IKE v2 - cannot get it to work on latest version

[_pX_]

Hi, I've got a few OPNsense installations with some VPN (roadwarrior and also site-to-site) but cannot get road warior scenario to work on latest version of OPNsense.
Does the guide is still valid for the new version? I went through using Tunnel Setting (legacy) and it doesn't work for me - I get 809 error on Windows Ras client. I tried two different installations, on two different locations.
Any thoughts?

[Monviech (Cedrik)]

Maybe this can help you.

https://forum.opnsense.org/index.php?topic=35840.0

[_pX_]

Thank you.
Tried method 1 without success - still getting error 809 in Windows RAS Client.
I use self signed certs like in old manual - is this OK?
Also you omitted local name in Pre-Shared Keys but there is no way to save such a combo...
Another question: does the user name in client should be written as "john" or "john@fqdn"?

[Monviech (Cedrik)]

EDIT: You were right I corrected the mistake.
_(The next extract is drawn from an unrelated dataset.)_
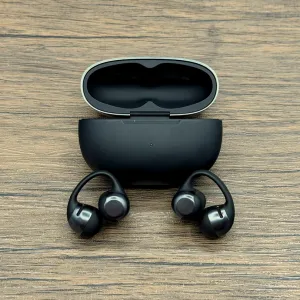 Shokz 社初のイヤーカフ型ワイヤレスイヤホンの OpenDots ONE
In pre shared keys the type is EAP and not PSK.
And the username can be anything you want, you can also just use john. In the client it has to be written the same as in the EAP Local Identifier. (So if the eap local identifier is john@fqdn, in the client the username is also john@fqdn)

Self signed certificate should still work if the certificate chain. is in the window certificate store.

Also please verify that your firewall accepts udp 500 and udp 4500 and esp on the WAN port. The new IPsec configurations don't automatically add firewall rules anymore.

I have tested both configurations thoroughly so your feedback is really welcome if you find mistakes somewhere.